He studied at the Central School of Speech and Drama in London but left in 1979 to form a youth theater that performed at schools and clubs. His screen career began in the early 1980s, with small roles in movies like “Oxford Blues” and “The Killing Fields,” and in “The Sun Also Rises,” a mini-series based on Ernest Hemingway’s novel.

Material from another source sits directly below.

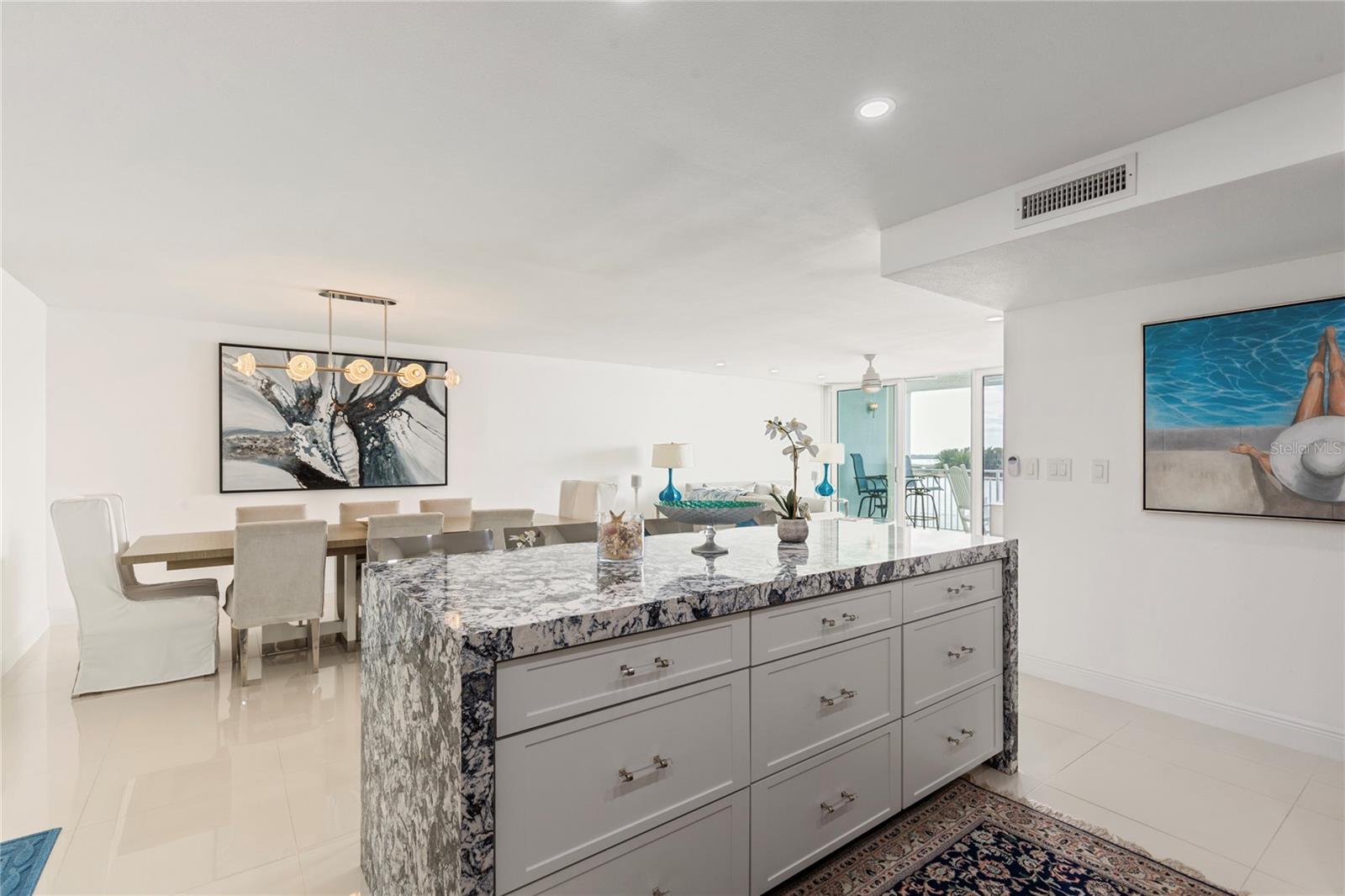 CONTINENTAL TOWERS INC CONDO - Residential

Mr. Sands’s other roles included a photographer in “The Killing Fields” (1985), an entomologist in “Arachnophobia” (1990), Louis XIV in “Vatel” (2000), Jor-El, Superman’s father, in two episodes of the television series “Smallville” (in 2009 and 2010), and a sadistic farmer in the Czech film “The Painted Bird” (2019), an adaptation of Jerzy Kosinski’s 1965 novel about a homeless and abused boy during World War II.
“I was drawn to ‘The Painted Bird’ because of its unflinching, stark but ultimately redemptive consideration of human endurance,” Mr. Sands told the website Moviemaker in 2020. “The bleak hinterland of war-torn Eastern Europe is as beautiful and moving as it is disturbing and grotesque.”
Mr. Sands appeared onstage occasionally and earned a Drama Desk nomination in 2013 for his one-man show, “A Celebration of Harold Pinter,” Mr. Sands performed the show, which was directed by John Malkovich, at the Irish Repertory Theater in Manhattan in 2012 (and again in 2016) and took it to Houston; Sarasota, Fla.; East Lansing, Mich.; and other cities over the course of several years.
The focus was not on Pinter’s plays but his poetry. Mr. Sands, who had known Pinter since 1987, stepped in for the ailing playwright at a reading of his verse in England in 2005; they remained close until Pinter’s death three years later.
“I’ve called it in the past a ‘Homeric evening of theater,” Mr. Sands told The Washington Post in 2015, “because it’s me, in a pool of firelight, with the audience gathered around the fire, at a shamanic level.”